In opera, Doug Varone is in demand as both a director and choreographer.  Among his four productions at The Metropolitan Opera are Salome with its Dance of the Seven Veils, the world premiere of Tobias Picker’s An American Tragedy, Stravinsky’s Le Sacre du Printemps, designed by David Hockney, and Hector Berloiz’s Les Troyens. He has staged multiple premieres and new productions for Minnesota Opera, Opera Colorado, Washington Opera, New York City Opera, and Boston Lyric Opera, among others.  His numerous theater credits include choreography for Broadway, Off-Broadway and regional theaters across the country.  His choreography for the musical Murder Ballad at Manhattan Theater Club earned him a Lortel Award nomination.  Film credits include choreography for the Patrick Swayze film, One Last Dance.  In 2008, Varone’s The Bottomland, set in the Mammoth Caves of Kentucky, was the subject of the PBS Dance in America: Wolf Trap’s Face of America.
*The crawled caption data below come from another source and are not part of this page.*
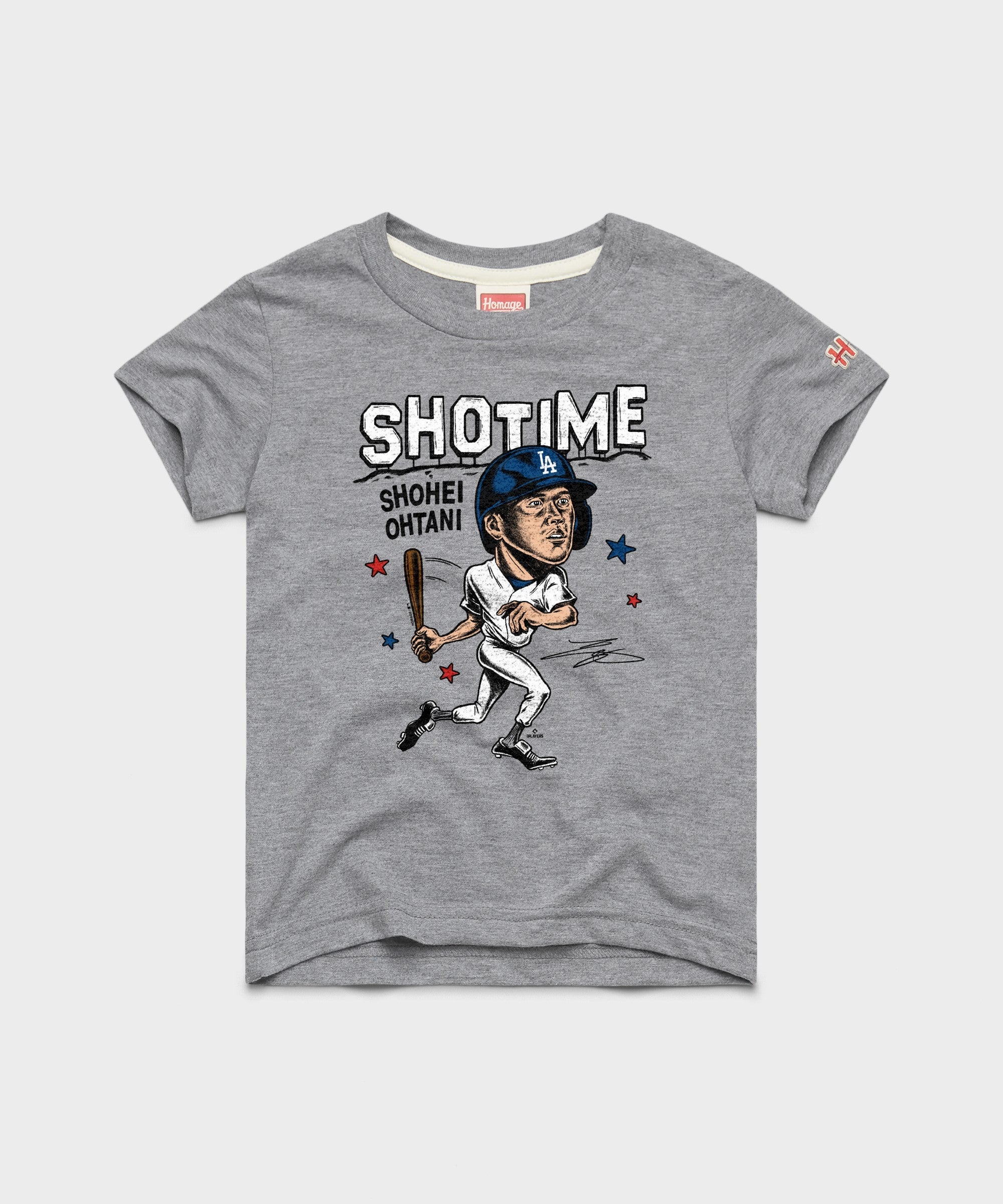Youth Dodgers Shohei Ohtani Signature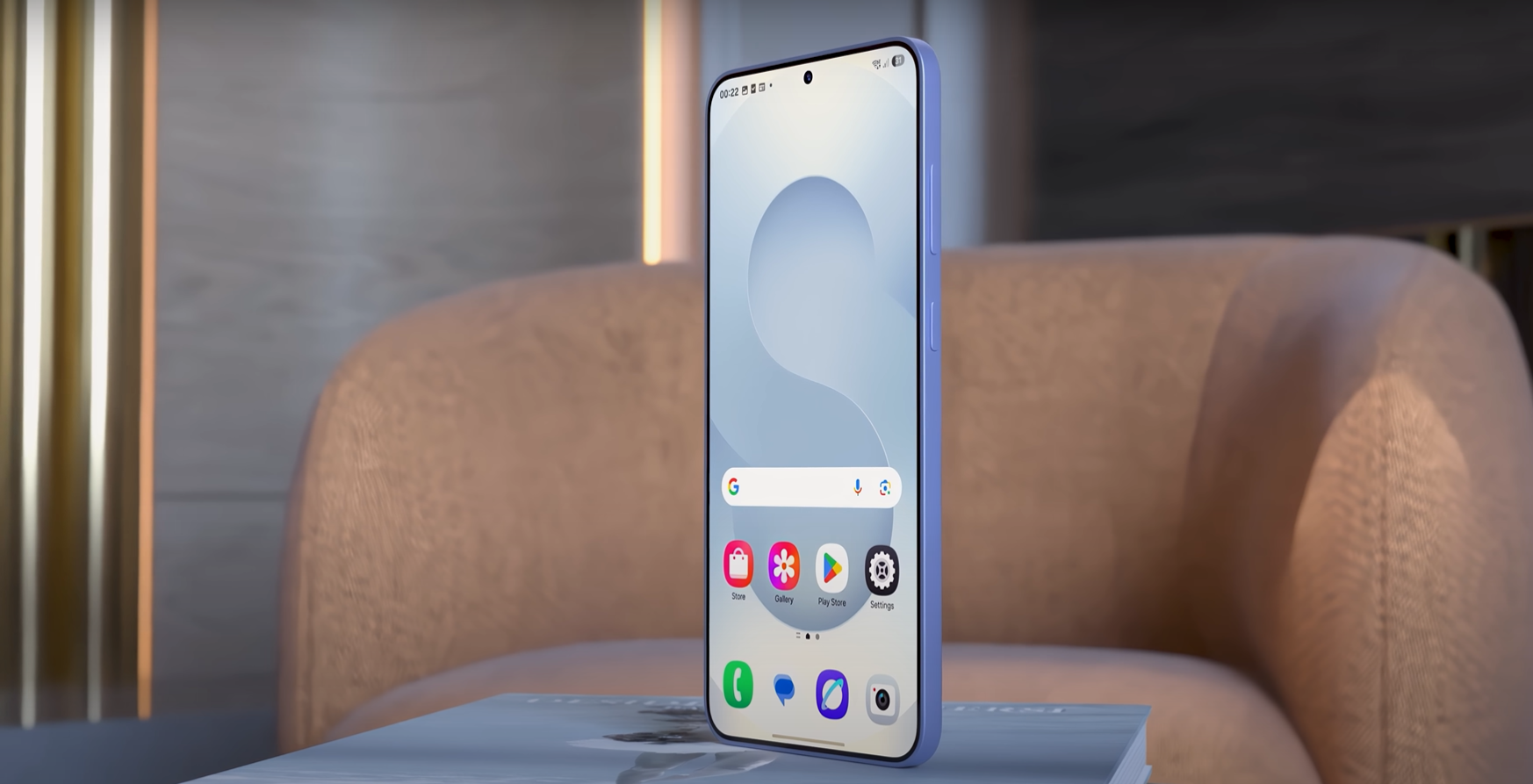 Samsung Galaxy S25 Edge Front View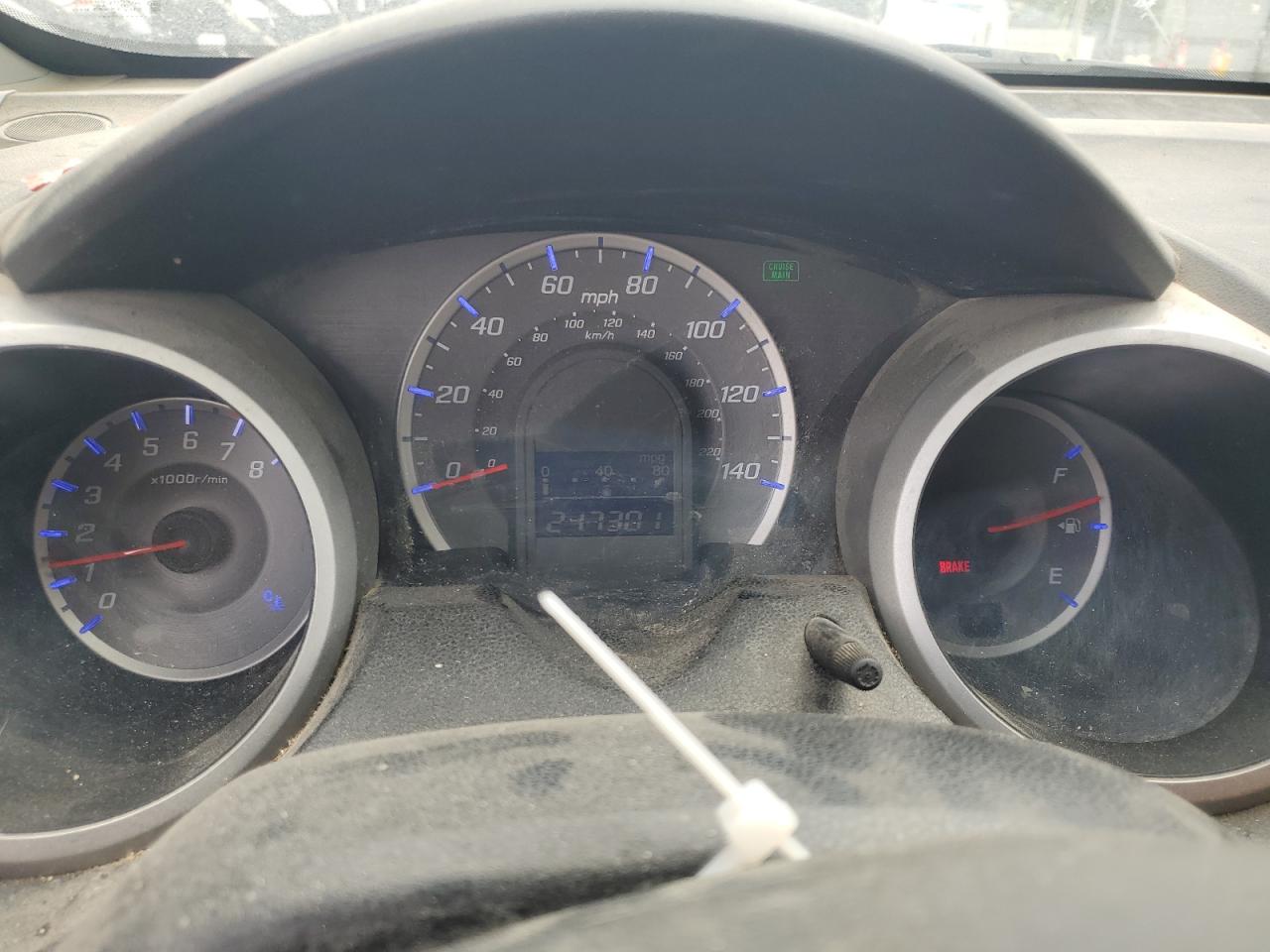 2010 Honda Fit Sport VIN: JHMGE8H42AC029231 Lot: 60340365
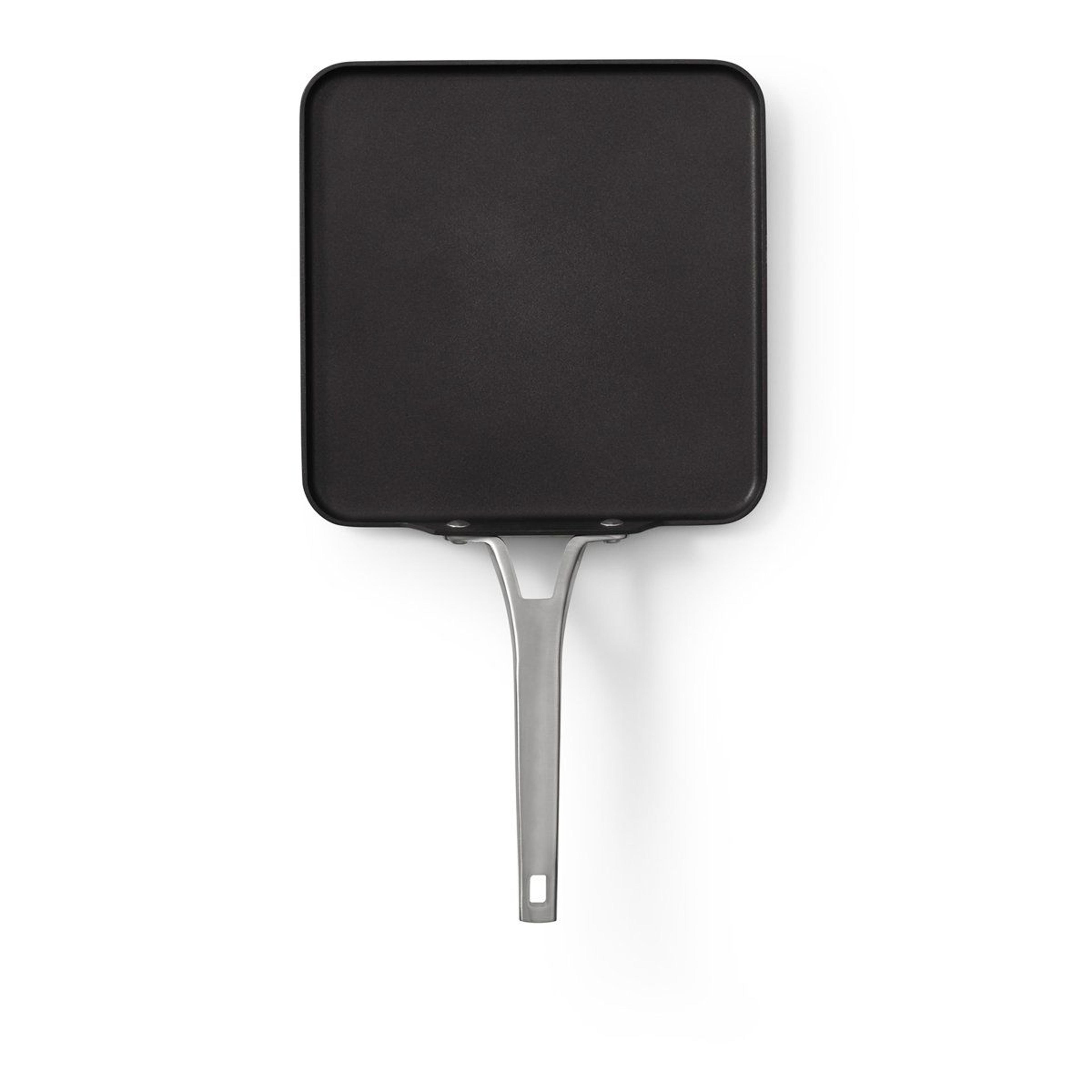 11 inch hard anodized nonstick square griddle pan for easy everyday cooking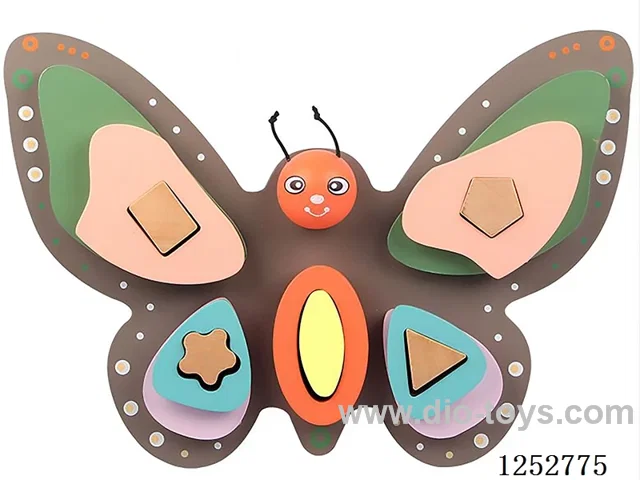 Wooden toy - Multi-Coloured Puzzle toys
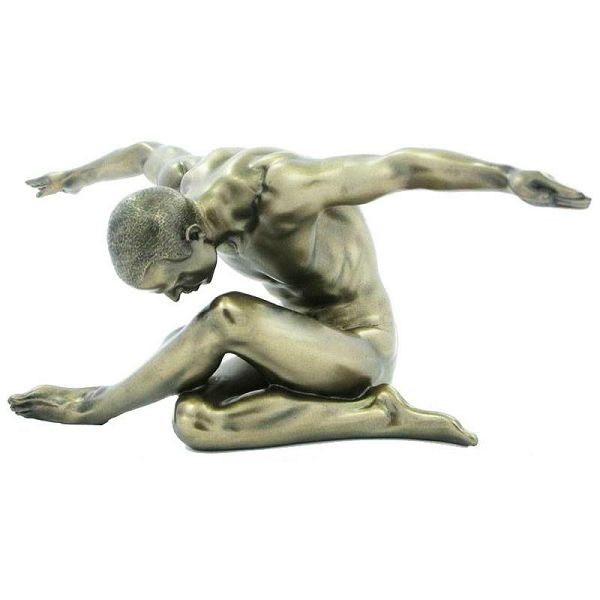 Gymnast 26 x 10 cm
Last season he directed and choreographed MASTERVOICES production of Dido and Aeneas at NY’s City Center, starring Tony Award winners Kelli O’Hara and Victoria Clark, alongside the Company. Most recently, he staged Julia Wolfe’s Pulitzer Prize winning oratorio, Anthracite Fields featuring the Bang on a Can All-Stars and the Westminster Choir.

Varone received his BFA from Purchase College where he was awarded the President’s Distinguished Alumni Award in 2007.  Numerous honors and awards include a John Simon Guggenheim Fellowship, an OBIE Award (Lincoln Center’s Orpheus and Euridice), the Jerome Robbins Fellowship at the Bogliasco Institute in Italy, and two individual Bessie Awards. In 2015, he was awarded both a Doris Duke Artist Award and the Lifetime Achievement Award from the American Dance Guild.  Varone teaches workshops and master classes around the world for dancers, musicians and actors. He is currently on the faculty at Purchase College, teaching composition.